Segment Start: GIVEN DATA

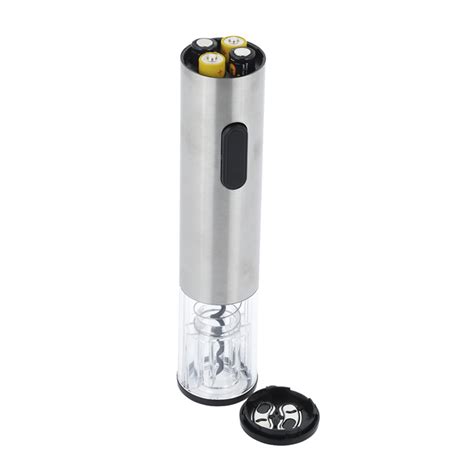 Carignan 6-Piece Electric Wine Set 167261 : 4imprint.com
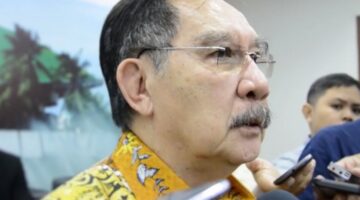 Antasari Azhar Tutup Usia, Jejak Perjuangan Sang Penggagas Pemberantasan Korupsi Tetap Dikenang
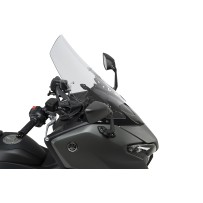 Bajo cupula puig yamaha t max 560 25-26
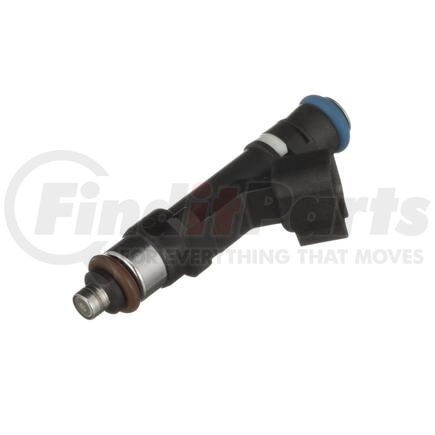 FJ1514 by STANDARD IGNITION - Fuel Injector - MFI - New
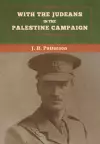 With the Judeans in the Palestine Campaign cover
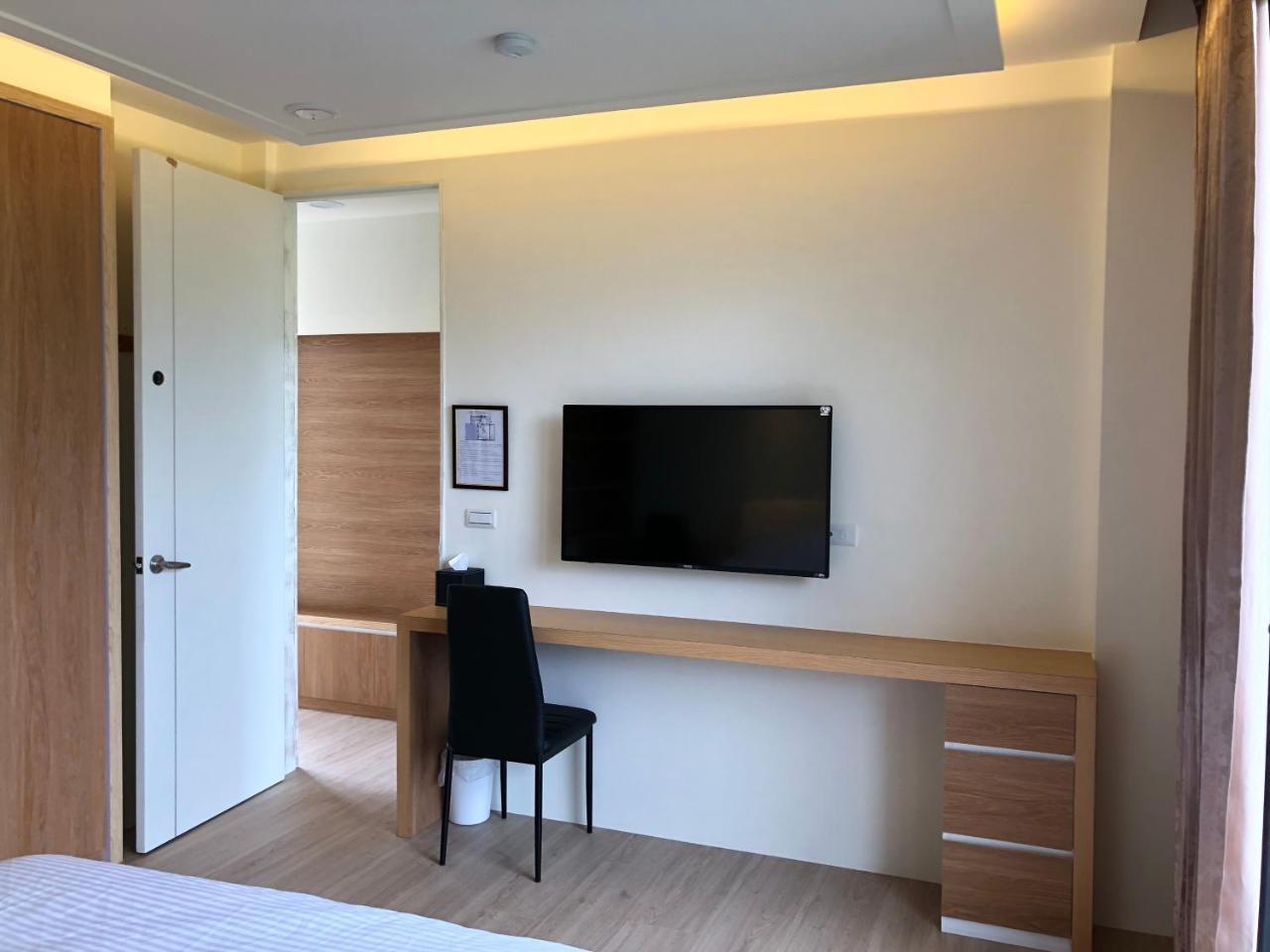 Apartament Ming Yueju Guoxing Zewnętrze zdjęcie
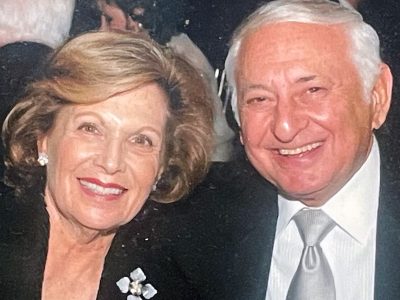 New Endowed Scholarship Supports Maxwell Undergraduates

Segment End: GIVEN DATA

**EXERCISE OBJECTIVE:**
Return all of the entries exactly as written, but drop any pictures they hold.

**RESPONSE TO THE TASK:**
 Carignan 6-Piece Electric Wine Set 167261 : 4imprint.com
 Antasari Azhar Tutup Usia, Jejak Perjuangan Sang Penggagas Pemberantasan Korupsi Tetap Dikenang
 Bajo cupula puig yamaha t max 560 25-26
 FJ1514 by STANDARD IGNITION - Fuel Injector - MFI - New
 With the Judeans in the Palestine Campaign cover
 Apartament Ming Yueju Guoxing Zewnętrze zdjęcie
 New Endowed Scholarship Supports Maxwell Undergraduates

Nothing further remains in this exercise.